I hadn't even opened the bottle. I was still frozen, her words echoing inside my head like a drumbeat.
Just then, Daniel's voice boomed from the living room. "Rose?"
"I'm here!" I called back, and soon he was in the doorway, eyes bouncing between me and Adeline.
He looked at her, then at me, then sighed heavily. "You did it. I told you not to."
"She has every right to ask questions," Adeline said, raising a hand before Daniel could lecture me. "Let her."
Daniel shut his mouth and sat down quietly.
"I'm no longer in the assassin business," she said, turning back to me. "So you both can breathe. I'm not here to slit anyone's throat in their sleep. Why would I hurt Katherine's children?"
I stared at her, still reeling. "But… you wanted to kill Father."

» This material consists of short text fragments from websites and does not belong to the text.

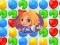 Joc Explozie de Zahar on-line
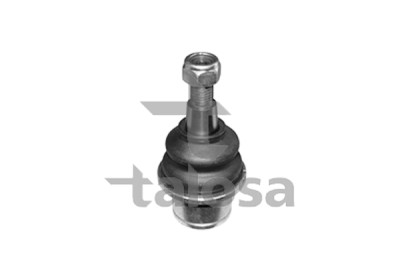 Articulação de suspensão/guia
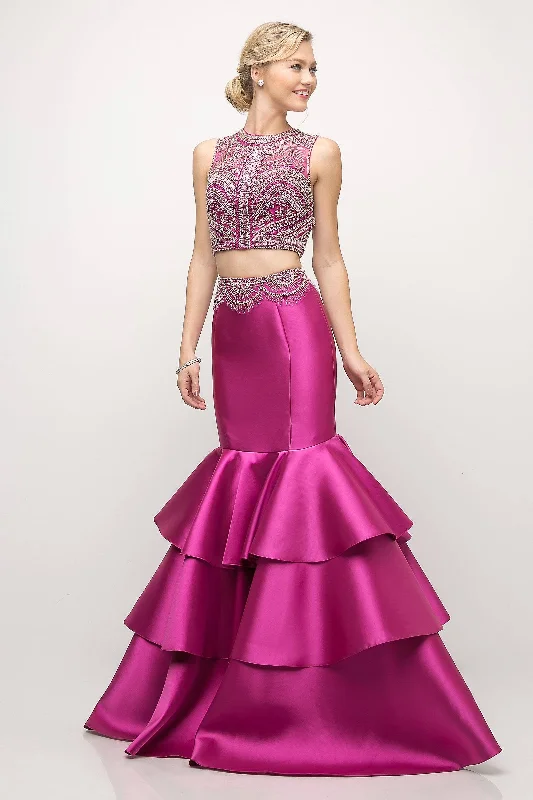 Cinderella Divine  83903 Dress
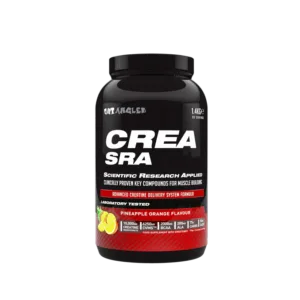 Outangled CREA SRA 1.4kg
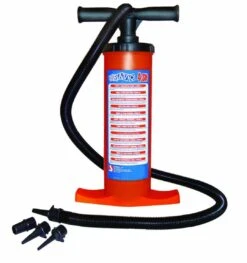 Sevylor Tahaa 2 Person Inflatable Kit With 2 Paddles, Directional Skeg And Pump -Water Sports Store ka6d8719cc8bc2e8b1f361ab6dbe526b5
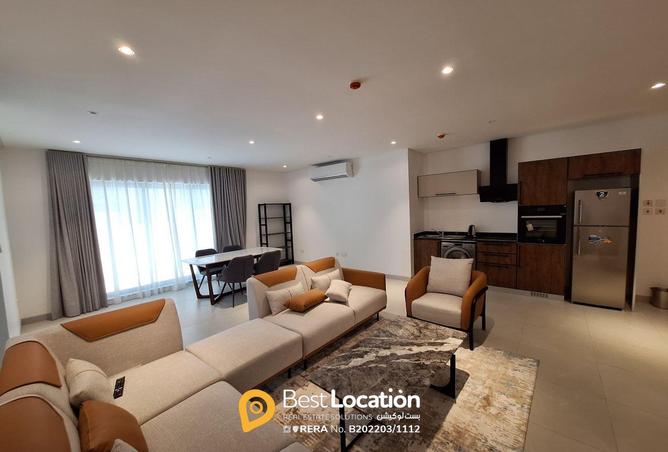 939011 - Property Image 3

Adeline's face darkened for a moment, then softened. "That was a long time ago. Katherine looked happy… so I buried that hatred. Mostly."
I dared another question. "Then why are you here?"
Daniel tensed beside me, but Adeline held up her hand again before he could speak.
"I'm here," she said slowly, "because you need a guardian."
Her voice turned cold—like steel under silk. "Because your mother's death wasn't ordinary. And if Dominic had something to do with it… I need to find out."
The room went dead silent.
I blinked. Once. Twice.
Not ordinary?
Father… involved?
My thoughts were spiraling again. I couldn't piece it all together, couldn't make sense of the storm that was starting to gather on the horizon of my mind.
Aunty Adeline just stared at me, calm and collected, like a woman who had seen far too much.
And in that moment, I knew—this was just the beginning.